Note* If you feel under the weather or not comfortable social distancing, please wait until you are feeling better and able to stay safe. Masks are encouraged, but we at least ask that we all be smart about what we're still going through as a community, a nation and as fellow humans. Be safe!😷

See you there...

@rustjunkie
@Schwinn499
@Vintage Paintworx
@birdzgarage
@King Louie
@Velocipedist Co.
@lulu
@BFGforme 
@39zep
@Joe Buffardi
@TWBikesnstripes
@the2finger
@tripple3
@Cory
@cyclingday
@Pedal pushers
@burrolalb
@mrg
@rustintime
@schwinnja
@WetDogGraphix
@tikicruiser
@cyclonecoaster.com
@okozzy
@Balloonatic


----------



## WetDogGraphix (Sep 13, 2021)

fordmike65 said:


> Yup! I forgot to post this month's ride, so make plans to come out! It's still warm, so we'll meet up at about 5:00pm at Library Park in Monrovia ,CA. Kick/dropstands up at around 6:00pm for a leisurely ride around beautiful Monrovia along the majestic San Gabriel Mountain foothills. Then we head back into town for dinner and drinks(if you like).
> 
> Note* If you feel under the weather or not comfortable social distancing, please wait until you are feeling better and able to stay safe. Masks are encouraged, but we at least ask that we all be smart about what we're still going through as a community, a nation and as fellow humans. Be safe!😷
> 
> ...



Love to be there, but as I told you before, these evening rides are tough on an old blind guy to drive back home afterwords..
I'll wait till you start the morning rides.... 😎 🤓 🚴‍♂️


----------



## Velocipedist Co. (Sep 13, 2021)

Im in!  Maybe.


----------



## fordmike65 (Sep 18, 2021)

fordmike65 said:


> Yup! I forgot to post this month's ride, so make plans to come out! It's still warm, so we'll meet up at about 5:00pm at Library Park in Monrovia ,CA. Kick/dropstands up at around 6:00pm for a leisurely ride around beautiful Monrovia along the majestic San Gabriel Mountain foothills. Then we head back into town for dinner and drinks(if you like).
> 
> Note* If you feel under the weather or not comfortable social distancing, please wait until you are feeling better and able to stay safe. Masks are encouraged, but we at least ask that we all be smart about what we're still going through as a community, a nation and as fellow humans. Be safe!😷
> 
> ...



It's gonna be a beautiful day for a bike ride! Bring a friend!


----------



## BFGforme (Sep 20, 2021)

Where's all the pictures?


----------



## fordmike65 (Sep 20, 2021)

BFGforme said:


> Where's all the pictures?



It was a light crowd, so we went brewery hopping. Not too many pics tho.

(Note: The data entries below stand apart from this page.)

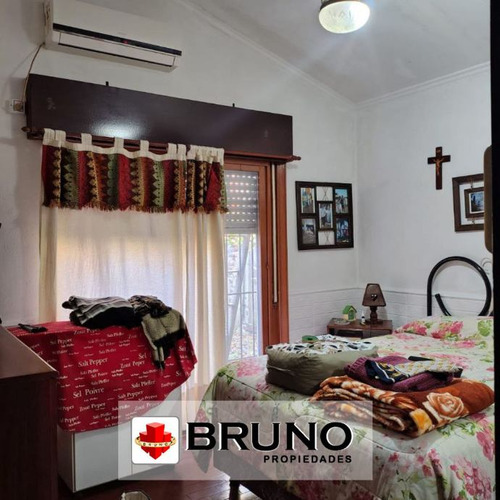 Casa En Venta En Agustin Ferrari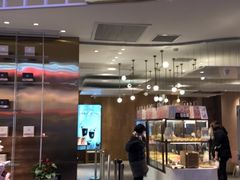 门面-奈雪的茶(湖滨银泰in77C区PRO店)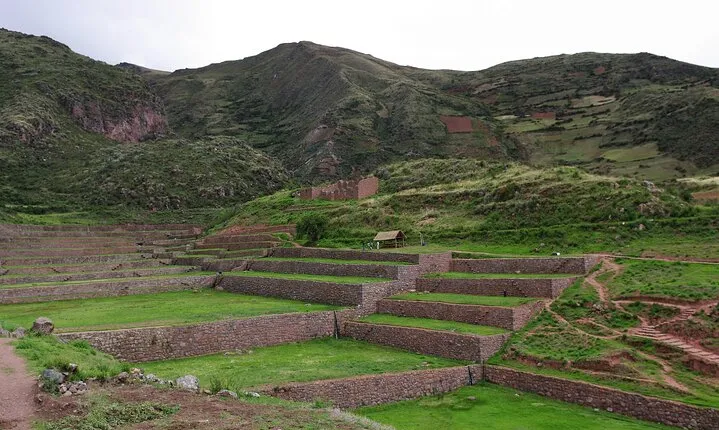 Tour Valle Sur Cusco: Typon, Pikillacta and Andahuaylillas 
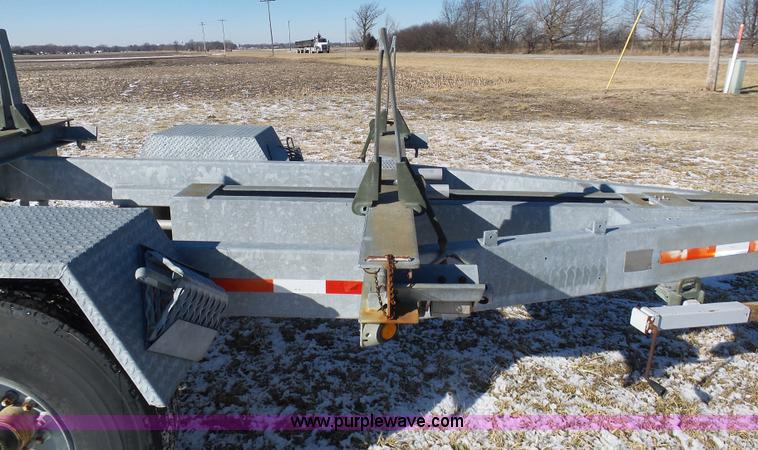 image for item AX9226 2001 Sauber 4400 extendable pole trailer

Looks like my phone doesn't take the best night pics.


----------



## WetDogGraphix (Sep 20, 2021)

fordmike65 said:


> It was a light crowd, so we went brewery hopping. Not too many pics tho.
> 
> Looks like my phone doesn't take the best night pics.
> 
> ...



Is this your phone?


----------



## fordmike65 (Sep 20, 2021)

WetDogGraphix said:


> Is this your phone?
> 
> View attachment 1481875



Close...


----------



## Vintage Paintworx (Sep 29, 2021)

I forgot to post the ones I took.  Hopefully next month will be a little bigger turnout.


----------